Waar de lezer van De nachtstemmer wel genoeg van kan krijgen, is het onophoudelijke corrigeren van de weduwe van haar Nederlands door Gabe in de tweede helft van de roman. Maar die ergernis wordt ruimschoots gecompenseerd door de steeds terugkerende herinneringen van Gabe aan Drieke, een reusachtige witte geit die in zijn kinderjaren verliefd op hem was en die telkens wegliep van de boerderij waar de geit woonde om bij hem te zijn. Toen Gabe als kind eens onaangekondigd de geit opzocht, zag hij hoe boer Ai Stront de geit bereed op een manier die Wim Kan ooit beschreef als ‘dat ene hondje heeft zand in z’n oogjes gekregen en dat andere duwt hem nou naar huis.’

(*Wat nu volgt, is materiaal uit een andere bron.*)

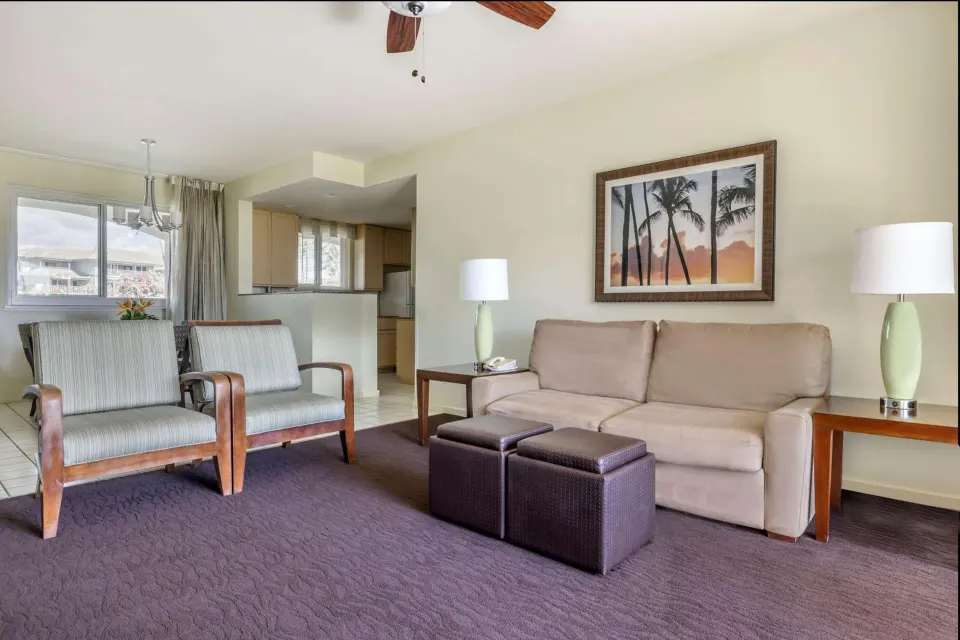 Living and dining area with kitchen at Hilton Vacation Club The Point At Poipu Kauai.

Deze herinnering is een van de vele zijsporen in de roman die breeduit worden uitgeschreven. Maar uiteindelijk draait het verhaal om de relatie tussen Gabe Pottjewijd en Gracinha die in het kleine plaatsje niet onopgemerkt blijft en de woede oproept bij een anonieme bewonderaar van de weduwe. Gabe ontvangt een dreigbrief en wordt achtervolgd en zelfs aangevallen. Hij maakt zich ernstig ongerust en wie zou dat niet zijn in zijn geval? De afloop van dit alles kan hier niet verraden worden. Maar het is een zeer ’t Hartiaans slot van dit fraaie en met kennelijk plezier geschreven ouwehoerverhaal.

 

(Deze recensie verscheen op de site van Literair Nederland, 24 februari 2020)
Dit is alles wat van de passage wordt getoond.